ASSIGNED TASK
Begin at the line that has "大堂-东来顺饭庄(西直门店)", stop after the line that has "Goss EGR Cooler", and print exactly those lines from the records below, without any pictures.

RECORDS SUPPLIED

● ● ● ● ●

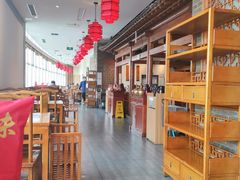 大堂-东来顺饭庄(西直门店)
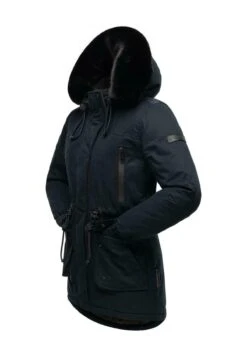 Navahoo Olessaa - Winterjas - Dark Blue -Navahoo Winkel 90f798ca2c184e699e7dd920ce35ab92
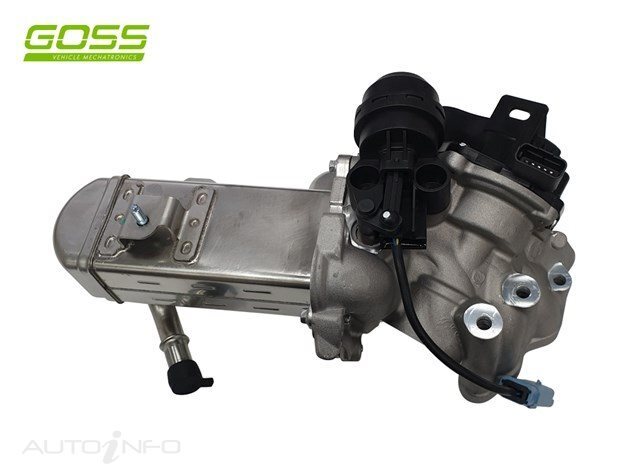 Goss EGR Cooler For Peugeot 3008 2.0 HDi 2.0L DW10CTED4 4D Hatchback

● ● ● ● ●

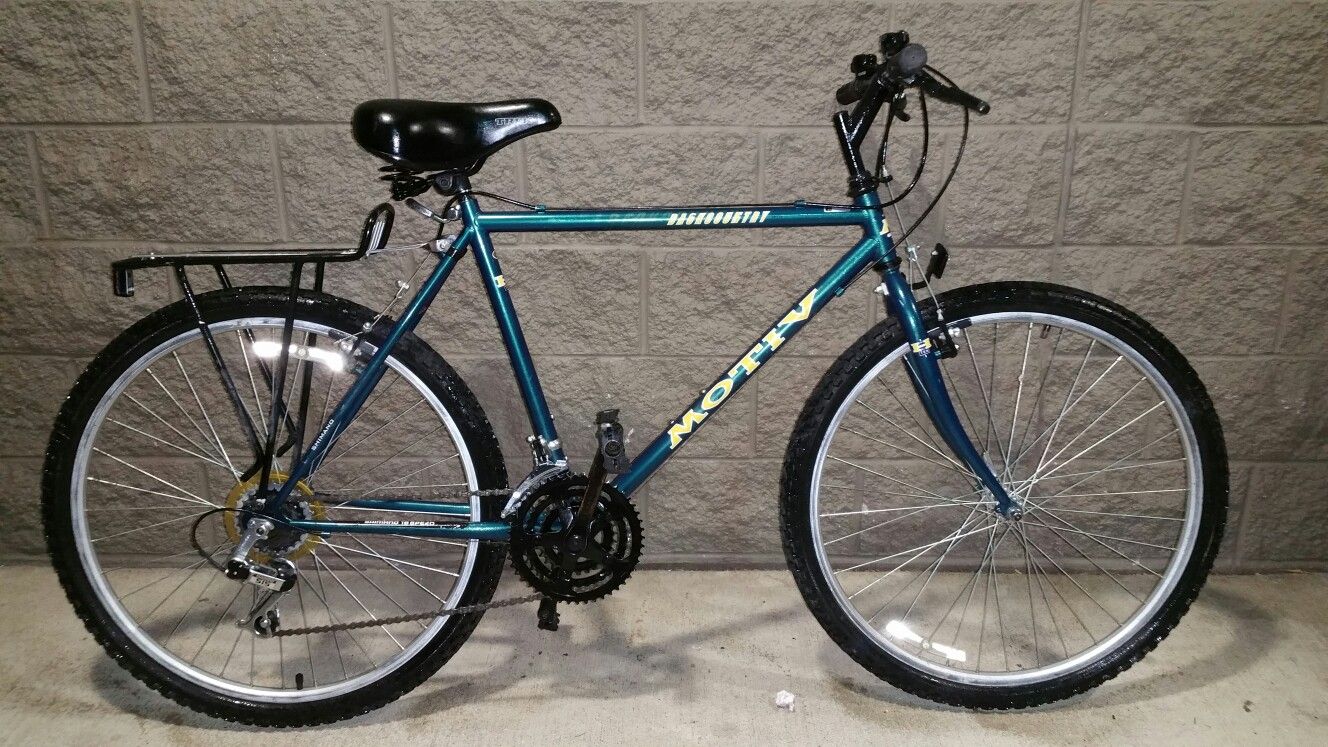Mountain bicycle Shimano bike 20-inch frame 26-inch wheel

● ● ● ● ●

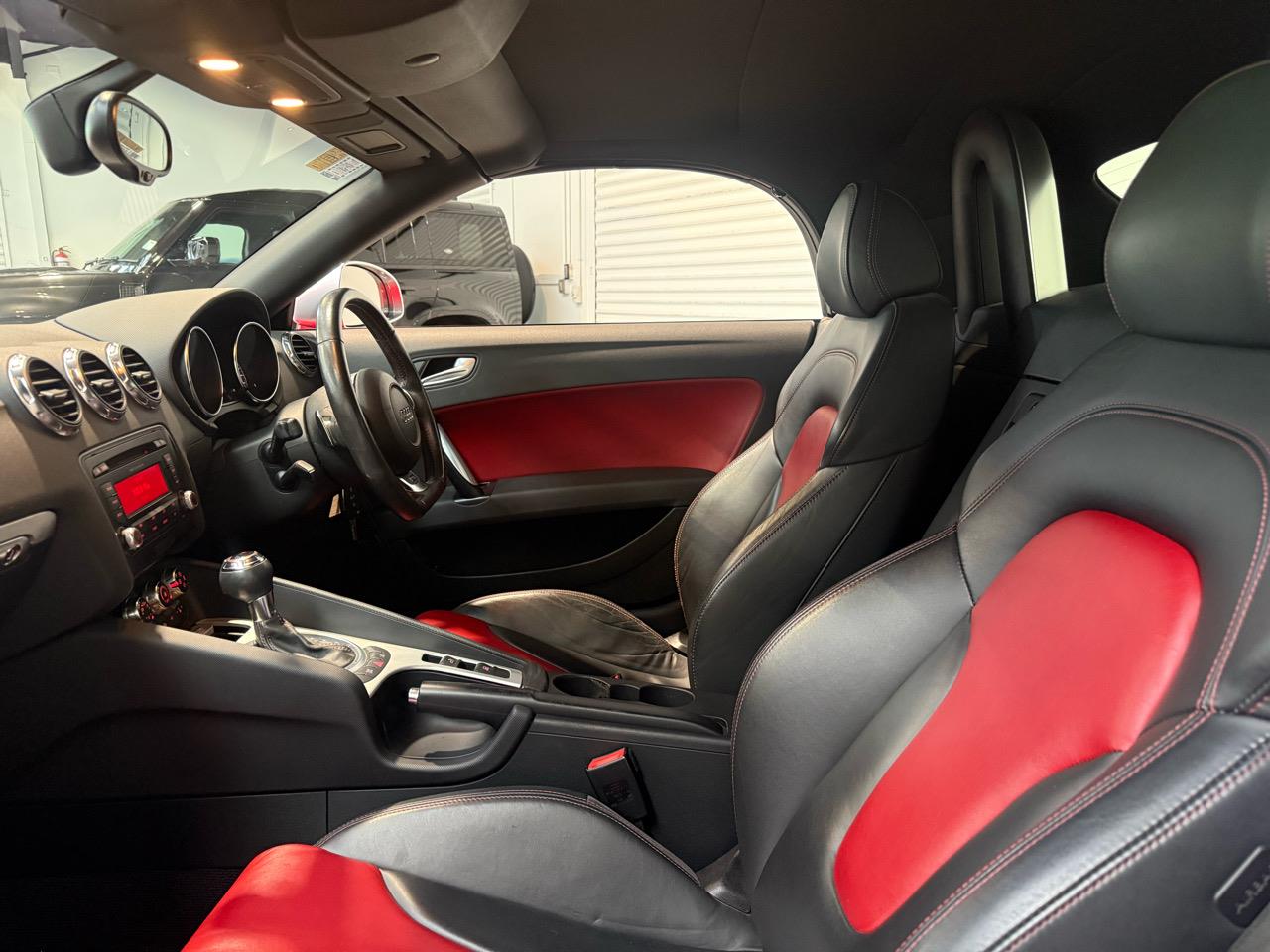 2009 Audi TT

● ● ● ● ●

EXERCISE RESULT
 大堂-东来顺饭庄(西直门店)
 Navahoo Olessaa - Winterjas - Dark Blue -Navahoo Winkel 90f798ca2c184e699e7dd920ce35ab92
 Goss EGR Cooler For Peugeot 3008 2.0 HDi 2.0L DW10CTED4 4D Hatchback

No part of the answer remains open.